▸ **Recorded data**
# # # # # # #

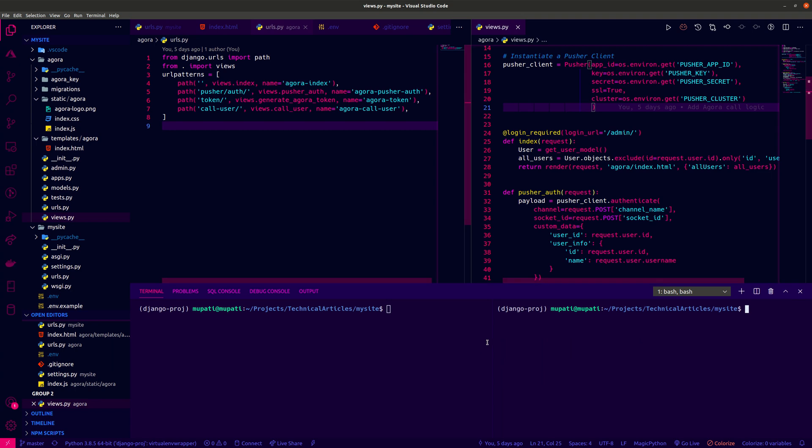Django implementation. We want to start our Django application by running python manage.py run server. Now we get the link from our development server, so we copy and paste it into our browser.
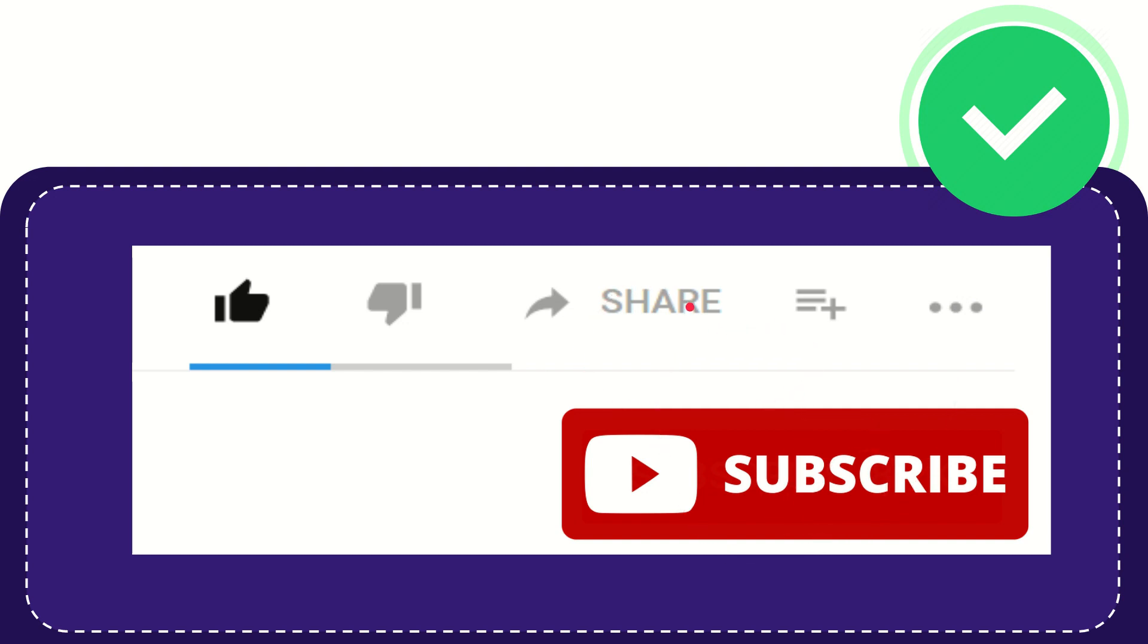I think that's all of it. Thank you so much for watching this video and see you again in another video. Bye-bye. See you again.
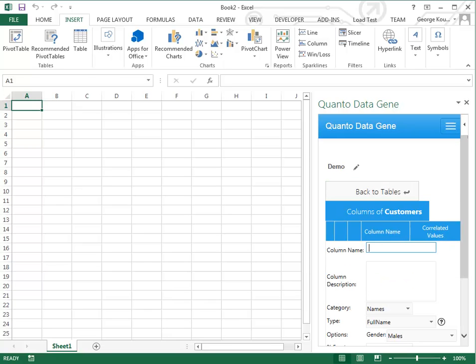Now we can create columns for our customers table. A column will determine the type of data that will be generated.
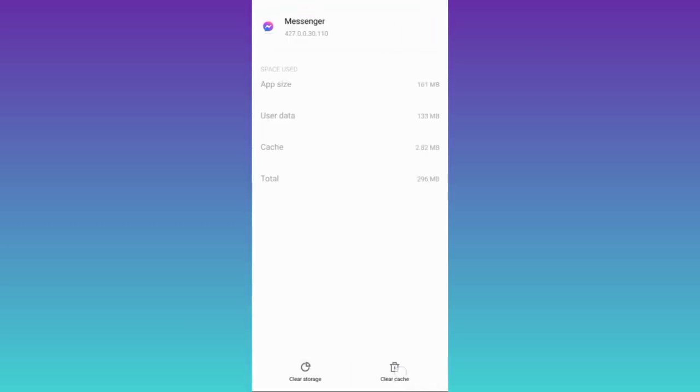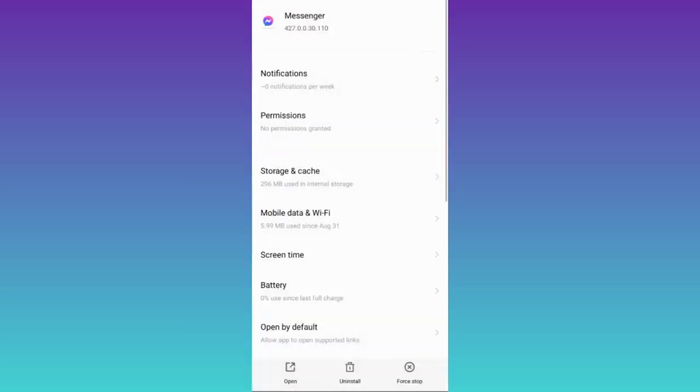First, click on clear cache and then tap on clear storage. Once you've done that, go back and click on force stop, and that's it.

# # # # # # #

▸ **What the task requires**
In the answer, all of the material should appear exactly as given, with no picture carried over.

▸ **Solution for this exercise**
Django implementation. We want to start our Django application by running python manage.py run server. Now we get the link from our development server, so we copy and paste it into our browser.
I think that's all of it. Thank you so much for watching this video and see you again in another video. Bye-bye. See you again.
Now we can create columns for our customers table. A column will determine the type of data that will be generated.
First, click on clear cache and then tap on clear storage. Once you've done that, go back and click on force stop, and that's it.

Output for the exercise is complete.